A 200-page report from the DOJ-led Task Force to Eradicate Anti-Christian Bias was released Thursday. It devotes considerable space to a January 2023 FBI memo from the bureau’s Richmond, Virginia, field office that flagged “radical-traditionalist” Catholics as a domestic extremism concern, the New York Post reported.
The task force, set up by Trump’s February 2025 executive order, says officials under President Joe Biden, 83, demanded Christians choose between living their faith and breaking federal law.
The Trump-era report buries the inconvenient context for the FBI’s actions, however—the case of Xavier Louis Lopez, then 25, a self-styled “radical traditional Catholic Clerical Fascist.”
Lopez was found by agents with eight Molotov cocktails laced with a napalm-like additive, ammunition, and parts for a 3D-printed handgun, in his Henrico County, Virginia, bedroom, the Department of Justice announced in February 2025, when he was sentenced to eight years and one month in jail.
On his wall hung a giant Nazi flag, with a crucifix and rosary fixed neatly above the swastika.
Federal agents had been tracking Lopez since 2019 over neo-Nazi posts urging followers to shoot police and attack Black Americans and Jews. He also boasted he could do better than Anders Breivik—the far-right killer who murdered 77 people in Norway in 2011, Commonweal Magazine reported.

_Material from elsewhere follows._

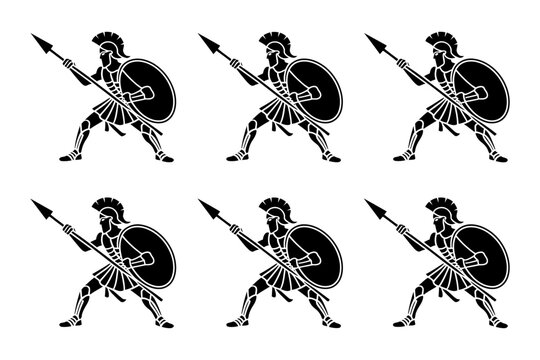 Vector of six ancient warriors with spears and shields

After Lopez began attending Our Lady of Fatima Catholic Society of Saint Pius X (SSPX) Chapel, agents placed an informant inside the parish to find out whether he was trying to recruit fellow worshippers for a violent attack.

It is this investigation—plus the resulting and now-recalled Richmond memo—that has the Trump administration so incensed.
Then-FBI Director Christopher Wray, 59, and then-Attorney General Merrick Garland, 73, both publicly apologized for the memo at the time and confirmed it had been pulled from FBI systems. But the task force has surfaced an internal email that suggests senior FBI staff felt very differently in private.
Stanley Meador, who at the time ran the FBI’s Richmond field office, wrote to the memo’s author, in correspondence dated July 8, 2023, “No apology needed.” He went on to predict the affair would one day make a colorful chapter in the analyst’s memoirs.
Acting Attorney General Todd Blanche, 51—who took the DOJ helm this month after Trump fired Pam Bondi reportedly over her handling of the Jeffrey Epstein files—chairs the task force and said in a statement reported by the Post: “No American should live in fear that the federal government will punish them” for their religious beliefs.
A 2024 review by the Justice Department’s own inspector general previously found the underlying FBI investigation to be entirely lawful, with no evidence of “malicious intent” by agents.
Blanche has, separately, just authorized a federal prosecution of the Southern Poverty Law Center—the same civil rights group cited in the FBI Richmond memo as a source.
The Daily Beast has contactd the DOJ, White House and FBI for comment.